12.Consequently, it is seen that a remedy is provided for the breach of the covenants to hand over possession of buildings completed in all respects by 25.7.2002.
Hence, 25.7.2002 was not the date of essence.
13.Though time is stated to be of the essence in Clause 31 of the agreement, the said clause itself further provides that if there was non-performance of the covenants mentioned in the agreement, a penalty of Rs.2 Crores was provided. For the said penalty, a Bank Guarantee of Rs.1 Crore and corporate guarantee of Rs.1 Crore was to be given. The time for giving these guarantees has not been specified in the agreement, except that the Bank Guarantee was required to be valid till 1.11.2002.
14.This clause shows that though time was stated to be of the essence, yet a penalty was provided in case of non- performance making the time not of essence. This is essentially held by the learned Arbitrator which cannot be faulted.
15.The Respondent acted upon the agreement thus :
(a) The Respondent executed corporate guarantee on 15.3.2002.
(b) The Respondent applied for sub-division of plot to the Mumbai Municipal Corporation (MMC) on 2.4.2002. MMC approved the sub-division of the property on 29.5.2002 subject to certain conditions, including showing a Recreation Ground (RG) on the sub-divided plot which would be required to be removed.
(c) The Respondent obtained the approval of the income-tax authorities under Section 37-I of the Income Tax Act, as was then required for conveyance of the property to commence construction on 23.4.2002.
(d) The Respondent made its application to the MMC for repairs on 23.5.2002.
(e)The Respondent applied for shifting electric sub- station on 31.5.2002.
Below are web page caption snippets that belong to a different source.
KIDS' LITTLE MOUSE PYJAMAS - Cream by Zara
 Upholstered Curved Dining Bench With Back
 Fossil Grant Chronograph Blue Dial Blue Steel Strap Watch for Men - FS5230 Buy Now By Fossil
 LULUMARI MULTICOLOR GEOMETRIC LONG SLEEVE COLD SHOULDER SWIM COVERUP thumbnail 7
(f) The Respondent paid part consideration of Rs.1.11 Crores for obtaining the conveyance of the property on 23.4.2002 and obtained sanction for a loan of Rs.13.05 Crores for obtaining the conveyance on 14.6.2002.
(g) The Respondent forwarded the leave and licence agreement to the Petitioner on 25.7.2002, though the draft conveyance was not forwarded.
16.The Respondent, however, failed to : (a) give the Bank Guarantee, (b) obtain the conveyance in its name, (c) commence the construction work, (d) obtain the ultimate approval of the MMC.
17.Parties entered into extensive correspondence by E- mails. The Petitioner has referred to various E-mails, showing dereliction of the covenants by the Respondent in a bit to justify the termination of the contract by the Petitioner.
18.As aforesaid, there was no deadline for giving of the Bank Guarantee. The Petitioner has sent numerous E- mails to the Respondent to provide the Bank Guarantee by specified dates in those E-mails right from its E-
mail sent on 6.3.2002 to provide the Bank Guarantee by 31.3.2002 until its E-mail sent on 24.6.2002. These E-
mails show that the Bank Guarantee, which was to be given, though not by a specified date, was consistently insisted upon by the Petitioner throughout this period giving various dates by which it required the Bank Guarantee to be furnished to the Respondent.
19.The Petitioner further sent E-mails to the Respondent for matters not mentioned in the agreement as covenants to be performed by the Respondent. These were :
(a)to give a project schedule broken up activity-wise in the manner asked for,
(b) to give a detailed bar chart for repairs while detailing the specifications of material for furnishing the building, providing the layout, plans and bar chart,
(c) to arrange a meeting with the landlord of the building where the Petitioner had its office on lease which was terminated to grant an extension, etc.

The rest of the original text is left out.